X_resampled, y_resampled = rus.fit_resample(X, y)



In [None]:
# assign the train data to the resampled
X = X_resampled
y = y_resampled



In [None]:
# Split the data
X_train, X_test, y_train, y_test = train_test_split(X, y, test_size=0.3, random_state=8)
X_train.head(2)



---

# Data anomalies



In [None]:
# Fit the model
from sklearn.ensemble import IsolationForest

clf = IsolationForest(
    n_estimators=800
    , n_jobs=50
    , contamination=0.05

)

clf.fit(X_train)



In [None]:
X_test.head(2)



In [None]:
predictions = clf.predict(X_test)
print(predictions[:10])



In [None]:
predictions.shape



In [None]:
type(predictions)



In [None]:
X_test.shape



In [None]:
# Identify anomalies
import numpy as np

anomalies = np.where(predictions == -1)[0]
anomalous_data = X_test[anomalies]



In [None]:
# Scale the features
scaler = StandardScaler()
X_train = scaler.fit_transform(X_train)
X_test = scaler.transform(X_test)



## Build and Train the Model:

    We'll use a Random Forest Classifier for this example.
    
    Class imbalance: we also adjust the weights of classes so that the model pays more attention to the minority class (promoted).


In [None]:
# Initialize the model
model = RandomForestClassifier(
    n_estimators=800
    , class_weight='balanced'
    , random_state=8
)



In [None]:
# Train the model
model.fit(X_train, y_train)



## Evaluate the Model:

In [None]:
# Make predictions
y_pred = model.predict(X_test)



In [None]:
# Evaluate the performance
print("Accuracy:\n", accuracy_score(y_test, y_pred), end="\n-----------------------\n\n")

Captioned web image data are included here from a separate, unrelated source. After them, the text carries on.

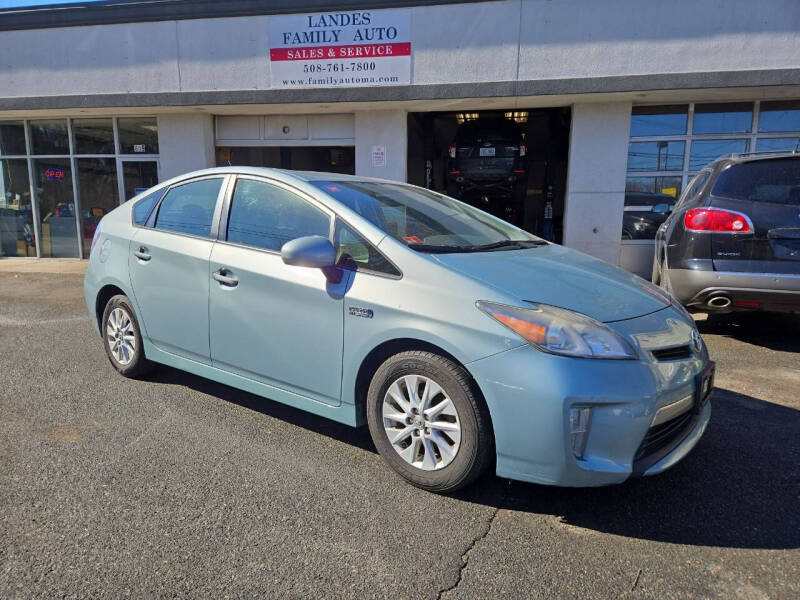 2012 Toyota Prius Plug-in Hybrid for sale at Landes Family Auto Sales in Attleboro MA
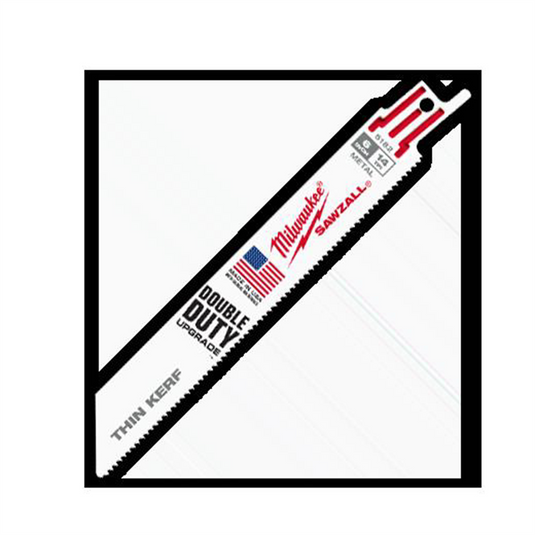 Milwaukee Tool 6"" 14 TPI   SAWZALL Blades (Bulk - 25 Pk)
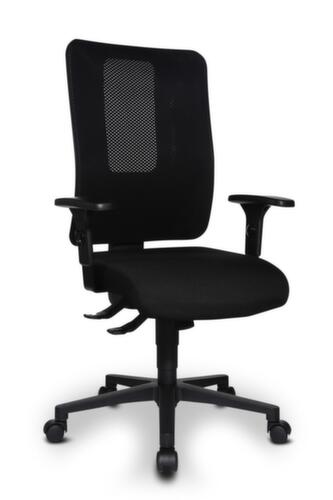 Topstar Bureaustoel Open X (N) met mesh rugleuning, rugleuning met netbekleding, zwart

print("Confusion Matrix:\n", confusion_matrix(y_test, y_pred), end="\n-----------------------\n\n")

print("Classification Report:\n", classification_report(y_test, y_pred), end="\n-----------------------\n\n")



In [None]:
# Plot confusion matrix
sns.heatmap(confusion_matrix(y_test, y_pred), annot=True, fmt='d', cmap='Blues')
plt.xlabel('Predicted')
plt.ylabel('Actual')
plt.title('Confusion Matrix')
plt.show()



## Explanation:

Data Preprocessing:

    Handling missing values, encoding categorical variables, and scaling numerical features are crucial steps in preparing data for modeling.

Model Selection:

    A Random Forest Classifier is chosen for its robustness and ability to handle complex data structures.

Evaluation:

    Accuracy, classification report, and confusion matrix provide insights into the model's performance.


# Insights:
    
    A predictive model can determine if an employee is likely to be promoted based on the features provided.
    The classification report and confusion matrix help us understand the model's performance and areas for improvement.
    We can tweak the model parameters or try different algorithms to see which one performs best on our dataset.

    Current model is has an accuracy of 58%, which means it has a low predictive power, although some variance can be explained.